Finishing my MA in Edinburgh, I had a great desire to go on, not to stop. I spoke to a wise tutor who suggested I try Oscar Wilde as a subject. Unaware that no male student at that time (1960) could afford to do research on Wilde, I went on, and loved it. Long after I went to Aberdeen (a lucky break!), I worked on editing Wilde, until I had produced Oxford World’s Classics volumes of most of his work. Making good texts available at reasonable prices has been a central aim. What now?

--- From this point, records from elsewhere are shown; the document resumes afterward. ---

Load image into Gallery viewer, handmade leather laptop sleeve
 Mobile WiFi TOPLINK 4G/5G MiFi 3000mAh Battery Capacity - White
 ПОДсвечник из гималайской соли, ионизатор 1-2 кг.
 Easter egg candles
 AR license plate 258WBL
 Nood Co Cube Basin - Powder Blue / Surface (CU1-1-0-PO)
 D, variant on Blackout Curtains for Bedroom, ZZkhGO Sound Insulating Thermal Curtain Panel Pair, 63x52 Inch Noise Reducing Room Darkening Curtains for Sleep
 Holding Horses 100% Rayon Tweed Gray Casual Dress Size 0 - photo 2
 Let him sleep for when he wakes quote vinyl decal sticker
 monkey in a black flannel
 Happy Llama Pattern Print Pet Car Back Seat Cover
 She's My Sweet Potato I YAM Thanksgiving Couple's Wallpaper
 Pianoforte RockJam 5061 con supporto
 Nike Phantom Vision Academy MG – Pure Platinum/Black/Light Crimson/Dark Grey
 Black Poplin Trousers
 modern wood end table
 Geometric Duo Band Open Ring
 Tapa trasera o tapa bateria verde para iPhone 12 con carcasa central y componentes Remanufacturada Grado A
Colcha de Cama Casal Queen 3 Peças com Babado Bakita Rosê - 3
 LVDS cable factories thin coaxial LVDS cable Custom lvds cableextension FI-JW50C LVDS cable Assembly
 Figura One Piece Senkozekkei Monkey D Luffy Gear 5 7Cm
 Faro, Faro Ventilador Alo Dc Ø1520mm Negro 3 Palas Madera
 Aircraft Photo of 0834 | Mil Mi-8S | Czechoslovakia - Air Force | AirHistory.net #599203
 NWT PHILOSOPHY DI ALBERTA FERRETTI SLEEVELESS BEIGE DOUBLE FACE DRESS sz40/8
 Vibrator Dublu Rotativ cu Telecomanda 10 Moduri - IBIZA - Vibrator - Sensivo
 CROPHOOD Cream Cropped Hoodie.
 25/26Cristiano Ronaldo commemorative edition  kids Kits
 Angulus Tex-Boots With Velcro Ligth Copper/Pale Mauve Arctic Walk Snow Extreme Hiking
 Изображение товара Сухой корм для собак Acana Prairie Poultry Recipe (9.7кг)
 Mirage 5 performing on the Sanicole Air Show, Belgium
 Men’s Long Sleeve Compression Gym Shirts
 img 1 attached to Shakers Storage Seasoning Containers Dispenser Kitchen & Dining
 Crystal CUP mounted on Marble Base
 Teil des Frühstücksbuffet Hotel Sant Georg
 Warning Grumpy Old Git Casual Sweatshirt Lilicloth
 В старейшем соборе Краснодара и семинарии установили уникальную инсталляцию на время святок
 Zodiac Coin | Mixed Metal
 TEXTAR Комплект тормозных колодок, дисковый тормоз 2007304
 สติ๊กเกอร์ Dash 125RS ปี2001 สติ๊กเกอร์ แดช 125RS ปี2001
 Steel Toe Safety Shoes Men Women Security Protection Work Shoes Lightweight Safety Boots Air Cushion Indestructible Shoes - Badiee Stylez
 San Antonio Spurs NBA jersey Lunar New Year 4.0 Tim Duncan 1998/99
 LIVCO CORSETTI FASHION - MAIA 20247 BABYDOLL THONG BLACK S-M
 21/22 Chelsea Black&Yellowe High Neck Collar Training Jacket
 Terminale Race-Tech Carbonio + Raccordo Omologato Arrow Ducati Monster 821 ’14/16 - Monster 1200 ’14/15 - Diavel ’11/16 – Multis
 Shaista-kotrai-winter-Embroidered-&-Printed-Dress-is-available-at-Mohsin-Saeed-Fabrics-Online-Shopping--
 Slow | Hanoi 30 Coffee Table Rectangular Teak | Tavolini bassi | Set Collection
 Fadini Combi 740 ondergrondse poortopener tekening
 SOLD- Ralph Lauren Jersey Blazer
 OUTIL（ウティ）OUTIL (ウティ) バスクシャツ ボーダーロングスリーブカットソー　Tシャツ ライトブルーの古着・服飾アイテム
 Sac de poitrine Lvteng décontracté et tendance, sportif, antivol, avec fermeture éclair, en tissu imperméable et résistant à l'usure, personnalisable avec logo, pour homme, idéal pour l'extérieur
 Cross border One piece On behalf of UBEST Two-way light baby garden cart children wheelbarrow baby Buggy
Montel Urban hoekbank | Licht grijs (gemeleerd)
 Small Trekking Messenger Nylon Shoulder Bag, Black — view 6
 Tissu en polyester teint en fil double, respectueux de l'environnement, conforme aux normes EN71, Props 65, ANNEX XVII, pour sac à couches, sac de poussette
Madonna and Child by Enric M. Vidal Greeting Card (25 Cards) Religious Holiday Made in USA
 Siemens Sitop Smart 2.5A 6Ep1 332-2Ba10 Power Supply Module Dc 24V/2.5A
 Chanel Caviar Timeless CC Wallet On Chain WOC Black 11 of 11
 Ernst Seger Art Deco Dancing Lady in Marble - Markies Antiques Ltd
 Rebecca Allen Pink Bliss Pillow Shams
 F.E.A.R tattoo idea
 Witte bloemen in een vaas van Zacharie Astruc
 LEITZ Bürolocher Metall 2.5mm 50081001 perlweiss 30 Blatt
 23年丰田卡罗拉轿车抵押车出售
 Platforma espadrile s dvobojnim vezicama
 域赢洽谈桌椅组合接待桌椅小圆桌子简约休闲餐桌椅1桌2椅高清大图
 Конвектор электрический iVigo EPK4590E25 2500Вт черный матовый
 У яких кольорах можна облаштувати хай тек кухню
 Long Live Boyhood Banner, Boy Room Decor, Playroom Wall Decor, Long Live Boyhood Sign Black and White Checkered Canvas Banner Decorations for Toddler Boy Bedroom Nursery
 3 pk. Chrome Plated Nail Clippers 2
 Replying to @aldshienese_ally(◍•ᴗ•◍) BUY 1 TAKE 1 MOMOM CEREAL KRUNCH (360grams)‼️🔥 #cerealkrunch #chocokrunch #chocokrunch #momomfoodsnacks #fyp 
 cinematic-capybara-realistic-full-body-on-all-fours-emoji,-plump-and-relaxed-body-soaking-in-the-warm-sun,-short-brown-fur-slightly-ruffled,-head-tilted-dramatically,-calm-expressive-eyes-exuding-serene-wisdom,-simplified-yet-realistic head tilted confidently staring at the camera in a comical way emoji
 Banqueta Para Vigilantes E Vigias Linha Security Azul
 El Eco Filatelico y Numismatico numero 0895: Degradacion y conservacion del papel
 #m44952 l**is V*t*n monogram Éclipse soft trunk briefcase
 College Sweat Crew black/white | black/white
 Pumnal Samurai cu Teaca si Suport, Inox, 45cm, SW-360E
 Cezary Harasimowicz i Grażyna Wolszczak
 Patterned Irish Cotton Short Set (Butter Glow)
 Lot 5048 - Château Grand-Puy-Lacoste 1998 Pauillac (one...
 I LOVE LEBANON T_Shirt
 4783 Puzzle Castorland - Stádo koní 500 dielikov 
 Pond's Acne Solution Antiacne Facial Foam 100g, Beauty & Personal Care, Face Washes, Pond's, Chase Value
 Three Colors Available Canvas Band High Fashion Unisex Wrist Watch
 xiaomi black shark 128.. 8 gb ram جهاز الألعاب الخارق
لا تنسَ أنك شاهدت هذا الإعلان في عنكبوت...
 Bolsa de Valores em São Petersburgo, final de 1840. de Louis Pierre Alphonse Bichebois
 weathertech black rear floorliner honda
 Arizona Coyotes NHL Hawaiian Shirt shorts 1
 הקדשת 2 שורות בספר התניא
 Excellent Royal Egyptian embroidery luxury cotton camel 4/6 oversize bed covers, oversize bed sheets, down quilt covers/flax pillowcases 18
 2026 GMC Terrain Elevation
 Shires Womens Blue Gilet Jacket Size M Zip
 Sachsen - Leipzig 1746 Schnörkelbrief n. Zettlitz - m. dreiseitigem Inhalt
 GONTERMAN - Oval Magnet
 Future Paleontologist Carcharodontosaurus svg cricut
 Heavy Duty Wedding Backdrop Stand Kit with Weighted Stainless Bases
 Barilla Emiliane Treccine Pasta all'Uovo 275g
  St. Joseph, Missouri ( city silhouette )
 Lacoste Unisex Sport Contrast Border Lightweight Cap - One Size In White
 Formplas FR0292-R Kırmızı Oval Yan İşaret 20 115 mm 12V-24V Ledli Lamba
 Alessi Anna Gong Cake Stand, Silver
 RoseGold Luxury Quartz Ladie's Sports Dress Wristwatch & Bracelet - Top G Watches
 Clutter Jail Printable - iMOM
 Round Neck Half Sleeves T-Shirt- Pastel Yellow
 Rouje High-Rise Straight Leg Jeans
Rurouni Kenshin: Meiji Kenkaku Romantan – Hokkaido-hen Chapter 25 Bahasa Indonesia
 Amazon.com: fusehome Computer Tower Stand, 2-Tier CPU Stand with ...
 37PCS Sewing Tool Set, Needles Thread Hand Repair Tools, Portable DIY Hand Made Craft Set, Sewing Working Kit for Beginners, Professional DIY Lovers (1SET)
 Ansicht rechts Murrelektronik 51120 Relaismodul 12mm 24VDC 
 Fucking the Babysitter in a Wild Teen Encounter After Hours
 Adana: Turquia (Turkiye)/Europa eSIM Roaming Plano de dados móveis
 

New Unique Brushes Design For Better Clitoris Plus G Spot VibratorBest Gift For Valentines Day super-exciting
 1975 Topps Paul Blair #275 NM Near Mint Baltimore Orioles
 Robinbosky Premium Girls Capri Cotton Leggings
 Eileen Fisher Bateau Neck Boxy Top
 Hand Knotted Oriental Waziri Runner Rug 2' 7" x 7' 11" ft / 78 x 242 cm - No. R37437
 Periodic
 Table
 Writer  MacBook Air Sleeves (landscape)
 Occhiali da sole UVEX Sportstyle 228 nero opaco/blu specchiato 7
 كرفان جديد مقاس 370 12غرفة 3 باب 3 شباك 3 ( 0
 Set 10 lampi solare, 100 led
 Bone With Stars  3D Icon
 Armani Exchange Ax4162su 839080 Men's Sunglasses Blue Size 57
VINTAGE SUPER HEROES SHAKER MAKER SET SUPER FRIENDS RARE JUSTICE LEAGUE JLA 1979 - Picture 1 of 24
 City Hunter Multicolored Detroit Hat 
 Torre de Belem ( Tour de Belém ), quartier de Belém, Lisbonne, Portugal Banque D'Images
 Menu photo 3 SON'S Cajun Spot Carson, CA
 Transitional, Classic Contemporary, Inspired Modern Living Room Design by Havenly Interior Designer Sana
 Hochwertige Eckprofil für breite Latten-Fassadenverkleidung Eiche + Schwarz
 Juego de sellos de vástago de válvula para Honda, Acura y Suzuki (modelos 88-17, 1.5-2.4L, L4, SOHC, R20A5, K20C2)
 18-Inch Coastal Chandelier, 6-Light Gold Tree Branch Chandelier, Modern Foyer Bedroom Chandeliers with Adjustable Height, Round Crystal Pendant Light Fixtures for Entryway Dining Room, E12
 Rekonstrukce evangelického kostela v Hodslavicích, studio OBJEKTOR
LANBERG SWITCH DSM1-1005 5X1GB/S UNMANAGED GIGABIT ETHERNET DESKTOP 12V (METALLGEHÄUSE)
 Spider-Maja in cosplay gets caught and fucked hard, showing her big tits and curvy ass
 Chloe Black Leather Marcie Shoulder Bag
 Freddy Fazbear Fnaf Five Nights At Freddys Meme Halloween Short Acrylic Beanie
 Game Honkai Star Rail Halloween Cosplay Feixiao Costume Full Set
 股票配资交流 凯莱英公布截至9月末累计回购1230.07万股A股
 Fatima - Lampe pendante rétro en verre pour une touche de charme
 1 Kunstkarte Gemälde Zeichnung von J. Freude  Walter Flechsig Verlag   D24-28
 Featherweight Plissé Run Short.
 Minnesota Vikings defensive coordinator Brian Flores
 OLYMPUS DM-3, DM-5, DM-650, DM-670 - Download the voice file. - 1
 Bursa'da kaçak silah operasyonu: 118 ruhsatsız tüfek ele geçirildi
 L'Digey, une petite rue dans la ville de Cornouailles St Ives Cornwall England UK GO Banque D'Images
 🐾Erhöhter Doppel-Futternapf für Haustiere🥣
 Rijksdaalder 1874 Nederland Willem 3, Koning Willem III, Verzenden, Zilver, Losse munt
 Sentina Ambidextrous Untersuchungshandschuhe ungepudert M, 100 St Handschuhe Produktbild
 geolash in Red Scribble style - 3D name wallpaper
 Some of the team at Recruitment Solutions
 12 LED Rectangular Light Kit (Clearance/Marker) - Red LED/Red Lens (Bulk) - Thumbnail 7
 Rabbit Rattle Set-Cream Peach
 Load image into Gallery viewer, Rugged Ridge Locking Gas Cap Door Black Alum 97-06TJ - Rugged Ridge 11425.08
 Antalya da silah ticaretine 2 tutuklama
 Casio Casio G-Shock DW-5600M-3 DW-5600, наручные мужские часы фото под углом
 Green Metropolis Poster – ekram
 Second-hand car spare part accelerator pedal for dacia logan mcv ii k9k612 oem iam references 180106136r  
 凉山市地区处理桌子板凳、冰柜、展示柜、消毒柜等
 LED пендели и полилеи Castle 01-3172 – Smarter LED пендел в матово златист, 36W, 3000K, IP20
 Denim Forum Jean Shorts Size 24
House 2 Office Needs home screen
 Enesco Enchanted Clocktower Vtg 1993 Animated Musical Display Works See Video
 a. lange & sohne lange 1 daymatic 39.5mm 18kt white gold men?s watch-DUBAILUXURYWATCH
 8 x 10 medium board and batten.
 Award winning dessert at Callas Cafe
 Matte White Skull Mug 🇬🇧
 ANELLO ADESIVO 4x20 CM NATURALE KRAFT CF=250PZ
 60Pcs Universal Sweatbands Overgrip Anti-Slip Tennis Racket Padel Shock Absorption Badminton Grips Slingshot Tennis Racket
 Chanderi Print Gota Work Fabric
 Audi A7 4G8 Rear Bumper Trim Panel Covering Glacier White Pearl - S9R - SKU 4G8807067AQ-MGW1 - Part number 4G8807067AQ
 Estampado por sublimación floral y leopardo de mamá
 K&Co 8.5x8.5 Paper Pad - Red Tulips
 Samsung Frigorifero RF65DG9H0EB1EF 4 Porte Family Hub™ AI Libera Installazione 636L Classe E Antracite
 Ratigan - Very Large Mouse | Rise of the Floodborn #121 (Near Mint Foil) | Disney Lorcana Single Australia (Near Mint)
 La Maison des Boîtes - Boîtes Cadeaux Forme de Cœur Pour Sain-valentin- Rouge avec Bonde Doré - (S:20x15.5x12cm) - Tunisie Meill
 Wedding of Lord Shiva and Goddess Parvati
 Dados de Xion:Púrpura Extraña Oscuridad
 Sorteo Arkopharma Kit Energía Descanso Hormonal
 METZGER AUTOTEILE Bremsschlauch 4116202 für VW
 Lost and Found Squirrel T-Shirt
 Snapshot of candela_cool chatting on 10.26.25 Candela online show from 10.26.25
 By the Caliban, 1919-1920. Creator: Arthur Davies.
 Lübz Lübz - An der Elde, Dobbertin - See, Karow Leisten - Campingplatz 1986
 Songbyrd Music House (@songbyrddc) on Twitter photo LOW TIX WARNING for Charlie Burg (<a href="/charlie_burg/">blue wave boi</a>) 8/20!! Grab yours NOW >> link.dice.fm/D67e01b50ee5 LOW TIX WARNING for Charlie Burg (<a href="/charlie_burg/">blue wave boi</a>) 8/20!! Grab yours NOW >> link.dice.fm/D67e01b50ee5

Increasingly I felt that our students weren’t getting enough choice of modern Scottish authors, and I began to teach in this area. My husband Bob Tait and I produced Ten Modern Scottish Novels, and it helped a bit. As a side interest, we started a series of in depth interviews with Scottish writers, which eventually went on to become four volumes of Scottish Writers Talking. In some ways, this was a daft undertaking, because reading whole oeuvres, transcribing the crowded tapes and editing was incredibly work-intensive, let alone that I would finish by working further with about half of my interviewees, and counting a lot of new friends. But that was a privilege worth working for.

We interviewed Jessie Kesson, for example- a wonderful experience! And became good friends, correspondents, answering the telephone to hear, ’Bob, ma mannie! I’m in Aiberdeen. Can ye’s come for a drink?’ Besides the drinks there followed articles and correspondence, and when, sadly, she died, her daughter asked me to write a biography, and passed on three bulging black bin bags crammed with paper, which Jessie had referred to as ‘my office’. The biography eventually got written, and it was made the National Library’s ‘Research Book of the Year’ in 2000. I reckoned that might owe much to the great quotations from Jessie that were packed in, as well as to her immensely moving and dramatic story. Recently, the second edition was published by Kennedy and Boyd, and thanks to Richard Bennett this time with the correct identification of her lost father, a secret which Jessie had not known.

Interviewing Naomi Mitchison meant a visit to beautiful Carradale, in Kintyre, in 1984, and trying in vain to read about seventy books first! By this time, Bob was helping with sound but had too much else to do to try to read all the books. I was most apologetic, having read only 36, but Naomi hadn’t met anyone so well read (!) for ages, and we had a wonderful weekend. After lunch on Sunday she led Bob off to ‘fell some trees’, but luckily they were only saplings – he is no forester! Then he and Naomi kept straying off the subject to talk current and world politics, while I tried in vain to keep them in order.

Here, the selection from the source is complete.